III. Sectoral Analysis

Telecommunications and the Scope of the Market in Services

Gerald R. Faulhaber*

1. Introduction

The promised liberalization within the European Economic Community in 1992 is likely to be the most significant economic event of the coming decade. Should this transformation actually occur, it will at last create a market, the world's largest, appropriate to the economic potential of the region. The free movement of goods, people, and information among 325 million consumers, workers, and stockholders promises to create enormous wealth for Europeans, and enormous opportunities for the rest of us. I would like to focus on the role of telecommunications services in this transformation, which I believe is far more vital than is generally' recognized. Note I use the word "services". Much has been written arid said about the market for telecommunications equipment, including the "threat" of the Japanese and American manufacturers. I am going to ignore completely the trade in telecommunications equipment problem; I view this market as mature, in which transactions are few in number but large in value, very highly politicized, and well-studied by others. What I find of far greater interest is the role of telecommunications services in defining the scope of the market of services, which after all is what 1992 is all about.

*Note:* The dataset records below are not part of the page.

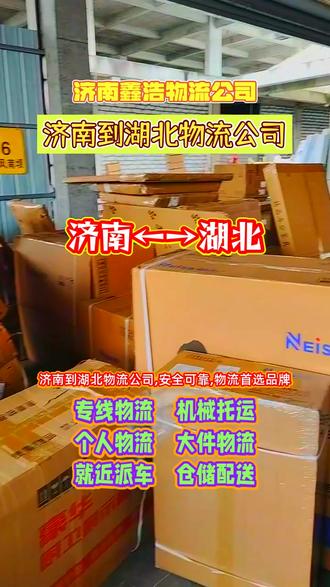 济南到湖北物流公司 134-6655-3765,安全可靠,物流首选品牌,济南至湖北,专线服务更可靠,服务湖北省,咸宁市,恩施市,黄冈市,十堰市,潜江市,天门市,孝感市,神农架,武汉市,仙桃市,襄阳市,满足品牌物流需求,严格管理,确保物流服务品质,优质服务,赢得品牌客户信赖,携手我们,共创物流新品牌#济南到湖北物流 #济南长途搬家公司 #济南附近物流公司 #济南到湖北货运公司 #济南到湖北物流专线
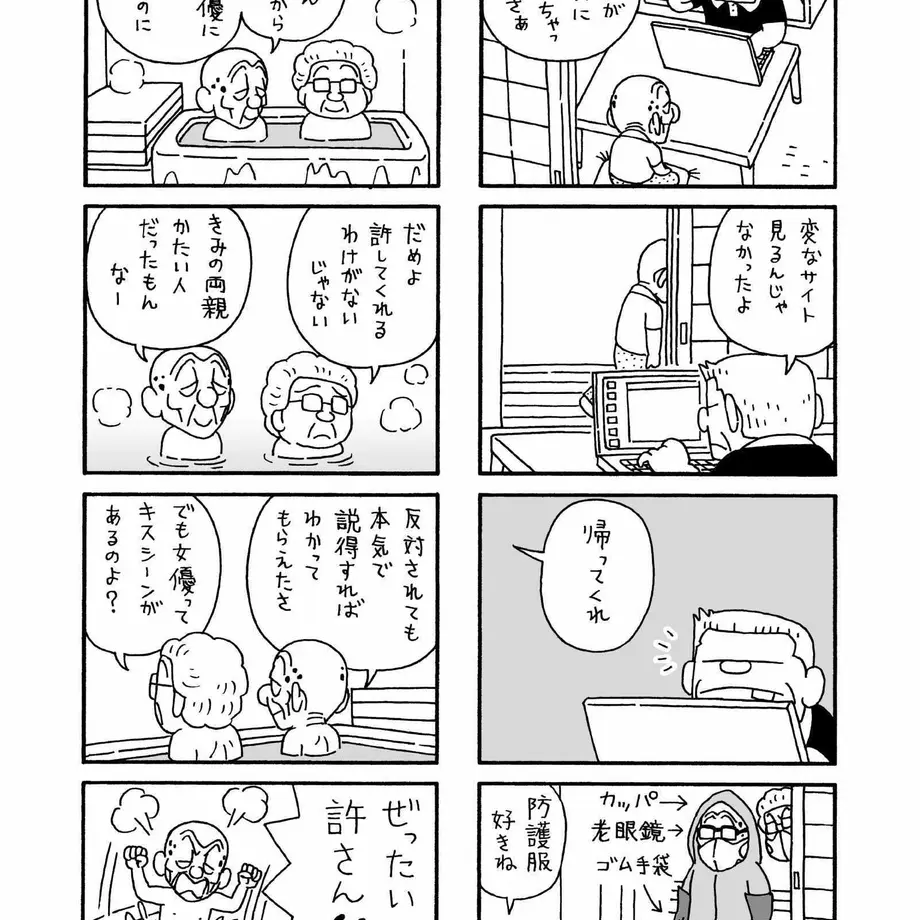 574ff5c0100315906f002c46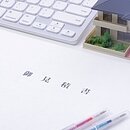 リフォームの見積もりと請求金額が違うのはなぜ？追加費用トラブルを防ぐ7つの確認ポイントのイメージ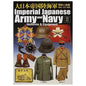 [大日本帝国陸海軍2] 軍装と装備 明治 大正 昭和 [中田商店資料集]【レターパックプラス対応】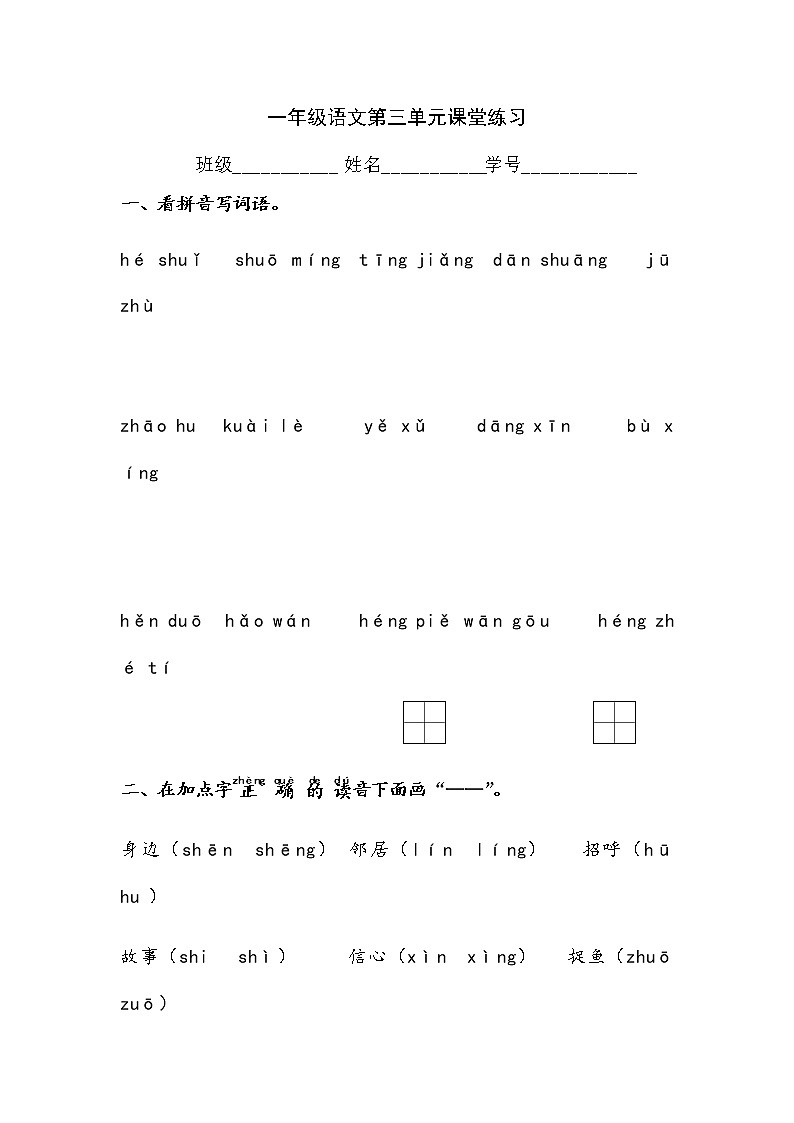 部编版语文一年级下册第三单元试卷第1页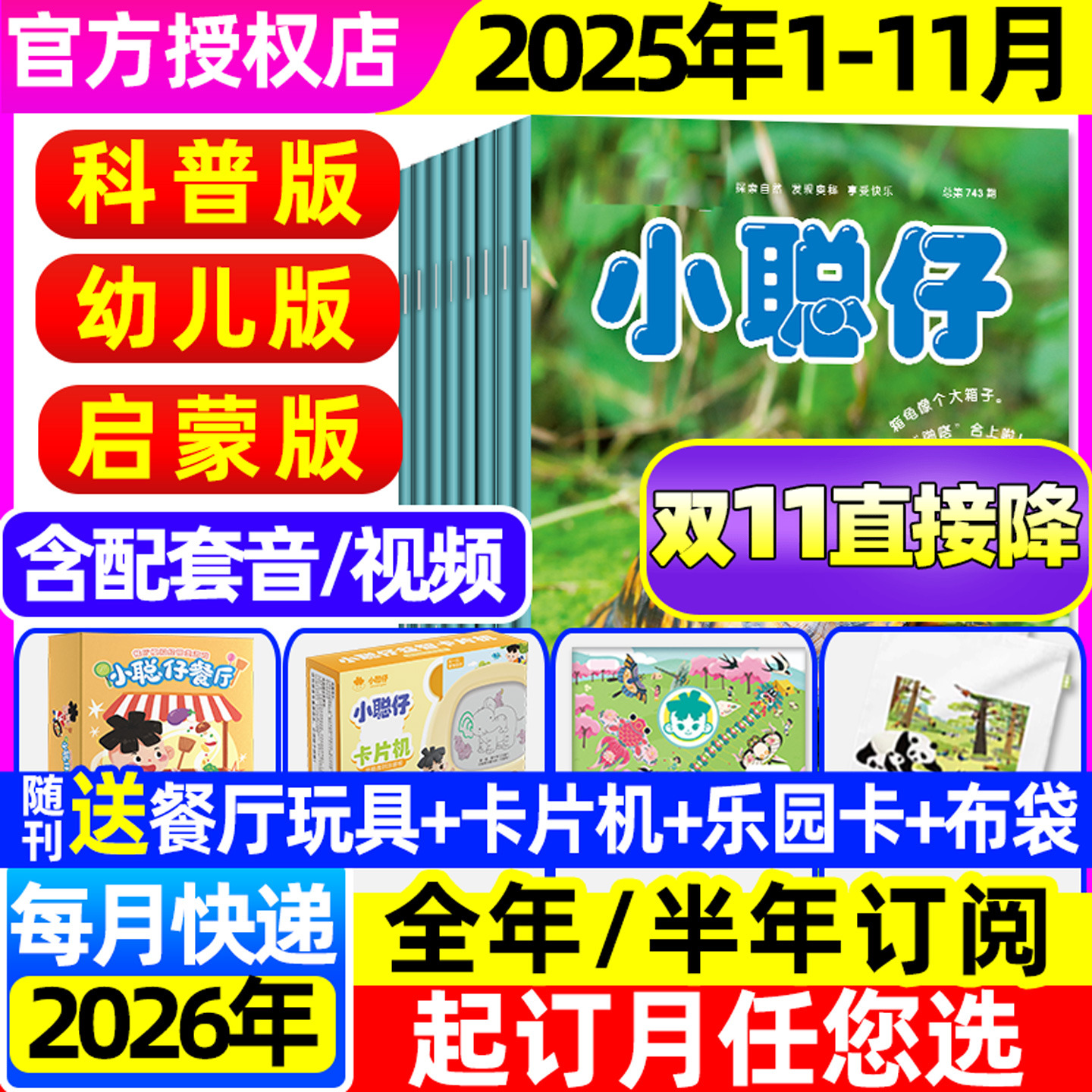 小聪仔科普版25年1-11月/26订阅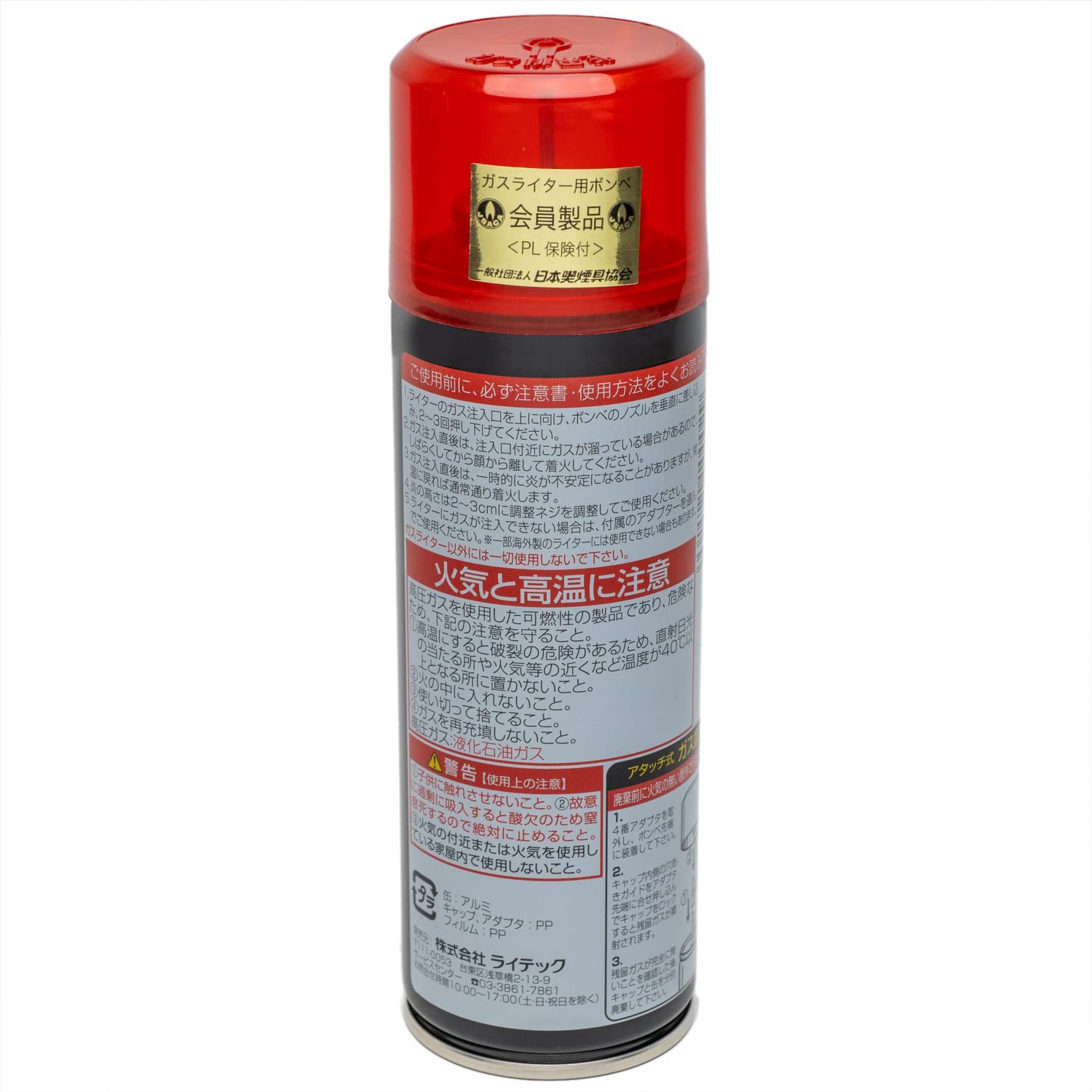 ローランドガスボンベ　１２０Ｇ 容量120G ライテック ライター・着火剤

2. Market Scope in Services

The free movement of goods, people, services, and information has long been viewed as an important factor in creating wealth within a market. The US, the world's largest market, is also its richest. Workers within the market can seek employment anywhere he or she is in demand; highly specialized firms have a very large pool of consumers from which to draw; firms that depend upon scale economies have a market whose scale matches their needs. And all this without trade barriers, without barriers to the movement of people.
And also with the world's largest, most reliable, and most ubiquitous and diverse telecommunications system. For a manufacturing or agriculture-based economy, the benefits from access to a large market depend upon the ability to move one's product to market quickly, reliably, and cheaply. For a services-based economy, these benefits depend upon the ability to move information to market quickly, reliably, and cheaply.
Traditionally, economists and others have seen trade restrictions against the goods of foreigners as the chauvinistically short-sighted barrier to achieving the efficiencies of large markets. The fact that goods moving from New York to New Jersey pay no duty, and goods moving from Germany to France pay duty, if they are permitted to move at all, is argued to be an important contributor to the relatively greater per capita wealth of the US. Less well-recognized is the growing importance of moving people and information freely from New York to New Jersey. There has been some attention paid within the EEC to the free movement of people within the Community post-1992, so that British accountants can easily do business in France or Italy. However, there has been less attention paid to the problems and prospects of the unrestricted and inexpensive movement of information across borders.
Currently, European telecommunications remains in a traditional public monopoly mode; state-run or state-regulated, focused on its protected monopoly position, unresponsive to market needs. Even British Telecom, usually held up as a model to the rest of Europe, is still a regulated monopolist. How can this fragmented, insular industry hope to cope with the demands that service firms, anxious to expand into new markets, will place upon it for new, expanded service at low cost? Where are the competitors that will offer expanding service firms the diverse array of telecommunications they will need to capture new markets?
I would like to concentrate on two service industries which are apparently becoming more telecommunications-intensive at the same time as their geographic market scope has been increasing: financial services and retail trade. You will not be surprised to hear about the first, although I suspect you will be surprised to hear about the second. In each industry, I make three points: (i) the changing scope of the market; (ii) the importance of telecommunications as an enabling technology for this change; and (iii) the forces that have been or will be brought to bear from within and without the telecommunications industry to meet the needs of these industries.
The point of this exercise is to sketch how the market forces attendant to the liberalization within the EEC in 1992 may play out in the market for telecommunications during a period of long-run disequilibrium, both in the telecommunications market as well as in downstream markets.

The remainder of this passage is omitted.